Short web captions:
◇ ◇ ◇ ◇ ◇ ◇ ◇

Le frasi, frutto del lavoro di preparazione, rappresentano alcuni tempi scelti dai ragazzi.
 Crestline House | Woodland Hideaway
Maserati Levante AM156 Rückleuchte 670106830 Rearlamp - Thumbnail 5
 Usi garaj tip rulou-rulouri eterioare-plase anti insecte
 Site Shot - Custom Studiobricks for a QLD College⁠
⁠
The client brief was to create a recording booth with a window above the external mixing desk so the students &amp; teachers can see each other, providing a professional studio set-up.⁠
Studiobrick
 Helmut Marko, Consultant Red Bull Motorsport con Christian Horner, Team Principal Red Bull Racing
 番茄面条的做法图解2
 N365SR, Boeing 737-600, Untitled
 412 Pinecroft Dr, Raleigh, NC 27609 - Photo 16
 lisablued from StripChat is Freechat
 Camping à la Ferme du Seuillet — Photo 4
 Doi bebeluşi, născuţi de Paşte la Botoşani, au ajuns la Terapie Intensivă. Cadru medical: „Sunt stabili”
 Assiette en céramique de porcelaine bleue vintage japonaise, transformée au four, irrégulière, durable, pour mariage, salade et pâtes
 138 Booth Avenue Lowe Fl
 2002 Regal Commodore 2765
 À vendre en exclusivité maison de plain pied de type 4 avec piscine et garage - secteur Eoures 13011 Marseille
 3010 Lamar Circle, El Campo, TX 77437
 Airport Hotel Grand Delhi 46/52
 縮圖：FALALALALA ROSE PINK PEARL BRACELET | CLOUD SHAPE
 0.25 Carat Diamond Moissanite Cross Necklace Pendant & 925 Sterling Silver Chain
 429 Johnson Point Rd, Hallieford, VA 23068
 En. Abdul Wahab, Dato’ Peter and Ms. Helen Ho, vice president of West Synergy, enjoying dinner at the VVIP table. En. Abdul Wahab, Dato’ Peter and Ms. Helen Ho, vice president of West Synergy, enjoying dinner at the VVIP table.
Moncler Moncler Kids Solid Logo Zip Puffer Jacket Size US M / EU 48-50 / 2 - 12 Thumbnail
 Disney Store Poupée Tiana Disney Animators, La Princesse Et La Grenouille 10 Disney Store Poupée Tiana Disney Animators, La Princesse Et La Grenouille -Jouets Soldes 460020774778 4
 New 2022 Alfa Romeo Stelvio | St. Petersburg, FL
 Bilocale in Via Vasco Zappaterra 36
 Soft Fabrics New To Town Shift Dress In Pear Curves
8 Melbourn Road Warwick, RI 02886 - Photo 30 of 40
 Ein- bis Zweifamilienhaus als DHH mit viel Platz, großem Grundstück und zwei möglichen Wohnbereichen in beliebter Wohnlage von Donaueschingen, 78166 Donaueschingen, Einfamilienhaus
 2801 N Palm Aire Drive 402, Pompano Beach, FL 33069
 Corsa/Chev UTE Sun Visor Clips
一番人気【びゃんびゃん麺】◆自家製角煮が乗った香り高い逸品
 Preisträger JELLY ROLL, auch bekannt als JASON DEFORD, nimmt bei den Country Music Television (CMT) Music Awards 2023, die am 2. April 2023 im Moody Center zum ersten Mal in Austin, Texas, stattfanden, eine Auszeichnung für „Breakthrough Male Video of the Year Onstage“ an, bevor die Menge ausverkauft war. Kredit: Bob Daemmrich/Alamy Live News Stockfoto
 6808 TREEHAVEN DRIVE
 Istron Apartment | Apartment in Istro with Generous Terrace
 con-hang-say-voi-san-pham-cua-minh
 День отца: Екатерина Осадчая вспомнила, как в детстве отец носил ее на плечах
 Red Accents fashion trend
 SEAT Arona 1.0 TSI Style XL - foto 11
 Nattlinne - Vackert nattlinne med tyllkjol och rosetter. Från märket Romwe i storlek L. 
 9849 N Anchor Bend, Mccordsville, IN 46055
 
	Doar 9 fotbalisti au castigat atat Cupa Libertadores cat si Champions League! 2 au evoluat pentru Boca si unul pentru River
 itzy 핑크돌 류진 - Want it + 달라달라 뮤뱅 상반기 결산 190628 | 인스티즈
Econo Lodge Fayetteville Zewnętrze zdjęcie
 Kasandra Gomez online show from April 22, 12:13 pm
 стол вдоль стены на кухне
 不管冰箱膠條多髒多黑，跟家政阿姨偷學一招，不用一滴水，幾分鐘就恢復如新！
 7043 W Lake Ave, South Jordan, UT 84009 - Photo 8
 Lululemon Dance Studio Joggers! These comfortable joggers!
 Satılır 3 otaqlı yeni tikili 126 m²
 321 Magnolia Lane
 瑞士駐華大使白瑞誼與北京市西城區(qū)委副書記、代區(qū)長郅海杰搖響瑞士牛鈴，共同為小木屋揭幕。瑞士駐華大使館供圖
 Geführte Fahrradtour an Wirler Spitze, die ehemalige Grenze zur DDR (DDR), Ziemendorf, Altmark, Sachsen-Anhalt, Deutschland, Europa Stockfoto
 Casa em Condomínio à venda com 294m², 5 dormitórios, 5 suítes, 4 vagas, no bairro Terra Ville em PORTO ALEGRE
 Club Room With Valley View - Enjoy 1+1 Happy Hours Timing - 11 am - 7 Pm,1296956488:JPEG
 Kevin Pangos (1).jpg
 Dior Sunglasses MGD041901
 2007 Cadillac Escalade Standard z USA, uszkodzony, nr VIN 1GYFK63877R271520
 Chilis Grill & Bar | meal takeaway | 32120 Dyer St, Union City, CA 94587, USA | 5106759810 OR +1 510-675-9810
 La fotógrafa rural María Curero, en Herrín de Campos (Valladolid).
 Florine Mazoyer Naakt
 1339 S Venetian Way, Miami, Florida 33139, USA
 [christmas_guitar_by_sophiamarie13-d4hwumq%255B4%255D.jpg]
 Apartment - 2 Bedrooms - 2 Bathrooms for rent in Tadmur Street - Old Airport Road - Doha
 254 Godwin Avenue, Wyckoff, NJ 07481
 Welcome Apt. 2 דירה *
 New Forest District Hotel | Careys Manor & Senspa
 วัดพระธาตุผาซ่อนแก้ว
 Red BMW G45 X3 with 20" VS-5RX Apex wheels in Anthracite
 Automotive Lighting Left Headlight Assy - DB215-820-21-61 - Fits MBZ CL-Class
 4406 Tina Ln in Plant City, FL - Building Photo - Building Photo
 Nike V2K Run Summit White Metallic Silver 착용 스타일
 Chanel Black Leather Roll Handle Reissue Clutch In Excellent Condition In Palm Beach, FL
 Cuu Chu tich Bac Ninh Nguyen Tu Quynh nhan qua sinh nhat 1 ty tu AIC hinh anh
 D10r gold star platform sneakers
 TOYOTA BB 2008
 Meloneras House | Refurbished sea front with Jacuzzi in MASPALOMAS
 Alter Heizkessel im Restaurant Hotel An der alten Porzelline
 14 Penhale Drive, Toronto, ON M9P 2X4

◇ ◇ ◇ ◇ ◇ ◇ ◇

AIM OF THE EXERCISE: Starting at the line in the records above that contains "D10r gold star platform sneakers", output every line up to and including the last one, with nothing added.

RESULT OF THE EXERCISE:
 D10r gold star platform sneakers
 TOYOTA BB 2008
 Meloneras House | Refurbished sea front with Jacuzzi in MASPALOMAS
 Alter Heizkessel im Restaurant Hotel An der alten Porzelline
 14 Penhale Drive, Toronto, ON M9P 2X4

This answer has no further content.